Написанные в этой книге небольшие тексты вряд ли можно отнести к мемуарам как объективному описанию событий, которые разворачивались несколько десятилетий назад. Это фрагменты автобиографии, однако факты этой автобиографии не следует воспринимать буквально. Герои книги жили или сейчас живут в сибирском городе Иркутске, с ними мне приходилось быть рядом в эпоху конца восьмидесятых – начала девяностых годов. Все описываемые события правильнее было бы рассматривать как субъективные зарисовки, наброски, этюды, которые сохранились благодаря их детальным проявлениям. Я сердечно благодарю всех героев моей книги за то, что они так или иначе оказались рядом со мной в один из периодов моей жизни. Особенную признательность мне хотелось бы выразить Елене Сапожниковой, Екатерине Санжиевой, Ирине Плехановой и Наталье Граве за помощь в предоставлении фотографий, за уточнение деталей текста и внимательное к нему отношение.
Проблема прошлого как нечто, что имело место быть и ушло, фактически является важной экзистенциальной проблемой.
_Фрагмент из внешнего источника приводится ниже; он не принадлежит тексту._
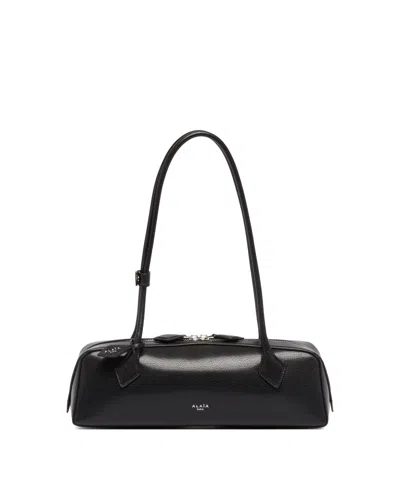 Alaïa Black Le Teckel Bag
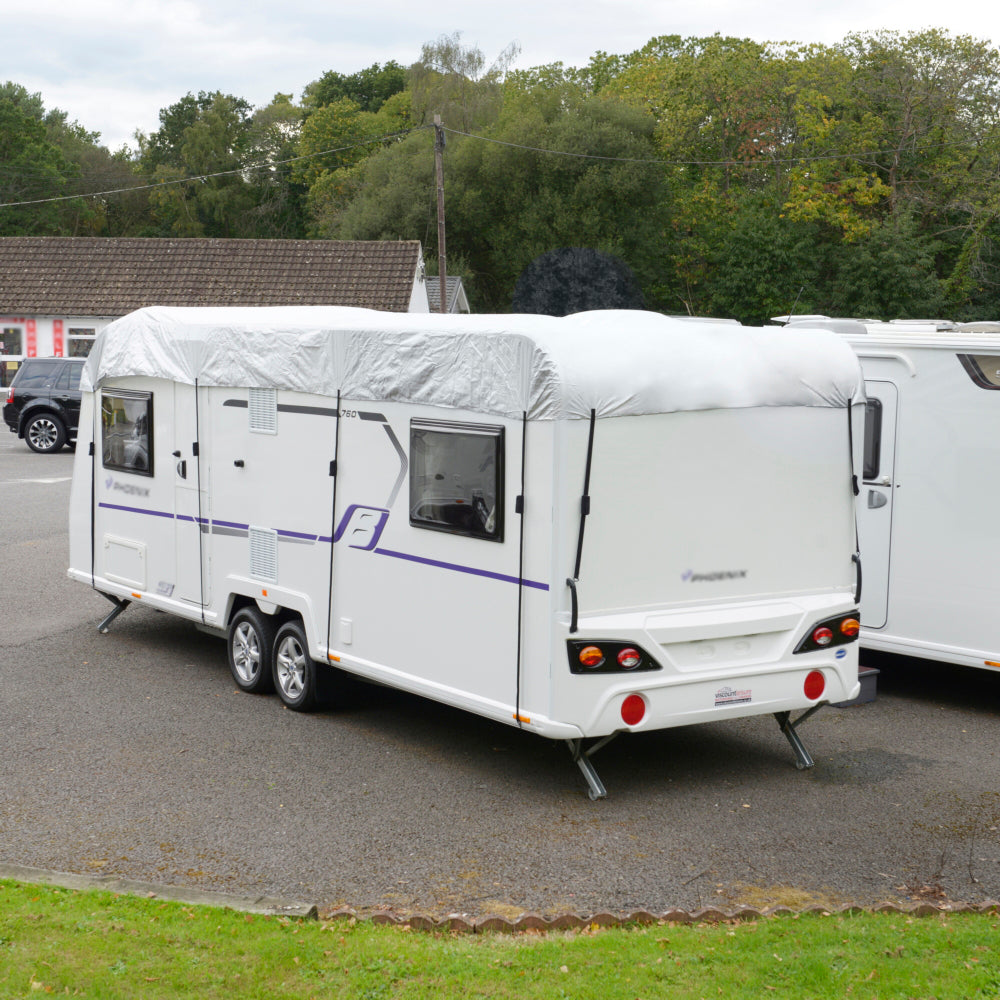Top Track Roving Auto Cover Recreational Vehicle Top Cover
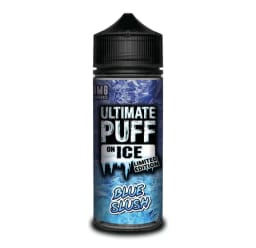 Blue Slush Ultimate Puff On Ice 120ML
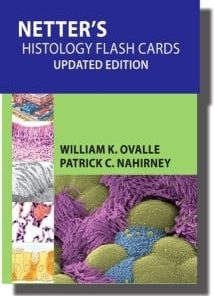 Netter’s Histology Flash Cards Updated Edition (PDF)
Описание прошлого – мельчайшего эпизода, занимает гораздо больше времени, чем его переживание. Известно, что описание одной минуты человеческой жизни может занять целый том, ибо это описание более растянуто во времени, нежели сам момент переживания или проживания. И чтобы обнаружить мелкую и незначительную, казалось бы, подробность, пронесенную сознанием через годы, будь то эмоция или элемент быта, впоследствии наращенные в архетипические черты, следует обратиться к целому временному периоду.
Если прошлое условно помещено нами в некий страдательный залог, означает ли это, что человек обречен на боль, протянутую во времени? Прошлое встраивается во время удивительным образом. Заброшенное в память, оно лежит как запаханное в землю зерно. Чтобы прорасти в будущем и дозреть, оно нуждается в субстрате настоящего. Понимание смысла некогда произошедшего зачастую возможно только после проживания другого, не связанного с этим произошедшим, временного отрезка. Можно ли, смотря в прошлое, полностью избавиться от настигающего чувства тревоги и, как следствие, истребить самое прошлое? Это равносильно изъятию, отрыванию куска своего тела. Наше тело сохраняет память о прошлом, вкусы и запахи другого времени, людей, встреч и событий. Наше осознание сопричастности к этому, проживание, проговаривание, в некоторых случаях комментирование прошлого формирует в нас ощущение освобождения от прошлого в настоящем и одновременное важное понимание неслучайности каждой прожитой встречи, которая прямо или косвенно повлияла из прошлого на нас будущих.